Evaluation and Observability

Sources: Huyen (AI Engineering, ch. 3–4, 10), Brousseau & Sharp (LLMs in Production), Pydantic Evals documentation analysis, RAGAS framework documentation analysis, 2025–2026 production patterns

Covers: evaluation methodology, LLM-as-judge, RAG evaluation, golden datasets, production monitoring, tracing, feedback loops.

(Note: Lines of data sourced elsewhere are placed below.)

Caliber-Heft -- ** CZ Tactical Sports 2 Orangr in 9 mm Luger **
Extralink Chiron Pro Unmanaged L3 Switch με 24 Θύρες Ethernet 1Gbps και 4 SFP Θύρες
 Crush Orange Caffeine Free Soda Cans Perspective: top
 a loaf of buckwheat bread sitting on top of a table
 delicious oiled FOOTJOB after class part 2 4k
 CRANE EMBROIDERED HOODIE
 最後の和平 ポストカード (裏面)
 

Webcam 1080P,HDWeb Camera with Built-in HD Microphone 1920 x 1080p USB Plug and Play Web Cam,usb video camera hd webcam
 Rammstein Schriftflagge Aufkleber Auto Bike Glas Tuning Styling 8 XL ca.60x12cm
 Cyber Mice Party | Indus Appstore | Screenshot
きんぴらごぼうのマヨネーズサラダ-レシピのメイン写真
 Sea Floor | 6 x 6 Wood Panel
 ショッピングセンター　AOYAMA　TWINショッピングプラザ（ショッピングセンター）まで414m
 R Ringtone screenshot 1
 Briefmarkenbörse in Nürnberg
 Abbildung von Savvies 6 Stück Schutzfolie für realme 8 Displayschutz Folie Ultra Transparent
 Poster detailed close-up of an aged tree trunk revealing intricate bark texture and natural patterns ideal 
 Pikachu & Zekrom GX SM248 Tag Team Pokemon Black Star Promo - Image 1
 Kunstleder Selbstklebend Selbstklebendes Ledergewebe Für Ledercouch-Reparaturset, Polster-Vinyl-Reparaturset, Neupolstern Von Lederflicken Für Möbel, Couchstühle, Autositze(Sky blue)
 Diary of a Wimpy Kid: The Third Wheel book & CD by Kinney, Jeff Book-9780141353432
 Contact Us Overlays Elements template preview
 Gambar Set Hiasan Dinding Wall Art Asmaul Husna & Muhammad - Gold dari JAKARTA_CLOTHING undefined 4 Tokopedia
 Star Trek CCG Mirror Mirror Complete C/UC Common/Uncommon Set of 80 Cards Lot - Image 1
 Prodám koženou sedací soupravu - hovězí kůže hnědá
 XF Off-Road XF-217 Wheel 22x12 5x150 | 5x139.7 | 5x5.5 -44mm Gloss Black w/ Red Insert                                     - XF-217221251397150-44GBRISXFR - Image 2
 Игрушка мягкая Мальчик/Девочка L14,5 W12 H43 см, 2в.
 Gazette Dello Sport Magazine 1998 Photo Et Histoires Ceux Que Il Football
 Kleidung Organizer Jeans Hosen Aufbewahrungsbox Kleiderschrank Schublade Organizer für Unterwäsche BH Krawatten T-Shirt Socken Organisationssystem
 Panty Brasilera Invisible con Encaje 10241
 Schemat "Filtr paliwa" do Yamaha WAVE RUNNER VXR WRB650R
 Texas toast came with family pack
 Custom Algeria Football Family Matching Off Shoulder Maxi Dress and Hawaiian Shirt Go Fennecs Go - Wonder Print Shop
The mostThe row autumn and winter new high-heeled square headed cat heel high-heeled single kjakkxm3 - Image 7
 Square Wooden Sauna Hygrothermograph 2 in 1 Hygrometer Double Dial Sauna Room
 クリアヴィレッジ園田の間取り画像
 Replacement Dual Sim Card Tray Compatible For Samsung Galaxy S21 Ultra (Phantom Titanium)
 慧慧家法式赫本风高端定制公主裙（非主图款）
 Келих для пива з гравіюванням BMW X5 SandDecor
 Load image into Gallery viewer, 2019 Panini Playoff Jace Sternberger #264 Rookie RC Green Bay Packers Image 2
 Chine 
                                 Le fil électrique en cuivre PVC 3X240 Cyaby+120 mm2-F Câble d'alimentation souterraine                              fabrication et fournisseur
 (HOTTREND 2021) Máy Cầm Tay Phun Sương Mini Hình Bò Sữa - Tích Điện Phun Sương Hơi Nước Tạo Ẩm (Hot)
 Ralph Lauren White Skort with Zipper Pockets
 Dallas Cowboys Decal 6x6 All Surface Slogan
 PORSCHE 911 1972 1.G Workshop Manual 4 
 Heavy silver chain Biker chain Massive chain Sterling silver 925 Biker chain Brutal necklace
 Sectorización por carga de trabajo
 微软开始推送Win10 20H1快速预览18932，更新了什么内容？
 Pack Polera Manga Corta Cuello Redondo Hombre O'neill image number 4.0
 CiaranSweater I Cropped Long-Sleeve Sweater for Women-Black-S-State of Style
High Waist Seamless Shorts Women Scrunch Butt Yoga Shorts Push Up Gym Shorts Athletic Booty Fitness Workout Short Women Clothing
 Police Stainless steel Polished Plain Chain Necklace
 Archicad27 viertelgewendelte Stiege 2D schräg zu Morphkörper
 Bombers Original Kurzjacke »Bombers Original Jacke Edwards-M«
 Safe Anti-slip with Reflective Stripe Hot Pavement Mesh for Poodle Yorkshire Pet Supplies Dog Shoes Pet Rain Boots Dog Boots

Why Evaluation Is the Hard Part

LLM applications fail in ways traditional software does not:

Correct code produces wrong answers
The same prompt produces different outputs at different times
Quality degrades when prompts are updated upstream
Failures are semantic, not syntactic — no stack trace

Without evaluation infrastructure, you are shipping blind. Every prompt change is a regression risk you cannot detect.

Evaluation Methodology

Three-Layer Framework

Layer	Approach	When to Use
Functional correctness	Deterministic code checks	Schema validation, format compliance
Similarity metrics	BLEU, ROUGE, semantic similarity	Translation, summarization with reference
Semantic quality	LLM-as-judge	Open-ended tasks; when correctness is subjective

Apply layers cheapest-first. Run schema validation before LLM-as-judge. A response that fails schema validation does not need an expensive semantic quality check.

Evaluation Granularity

Evaluate at three levels:

System level:    End-to-end quality (does the app do its job?)
Component level: Each pipeline stage (retrieval, generation, routing)
Prompt level:    Each template variant (A/B test prompt changes)

Only system-level evaluation reveals emergent failures. Only component-level evaluation reveals where to fix them.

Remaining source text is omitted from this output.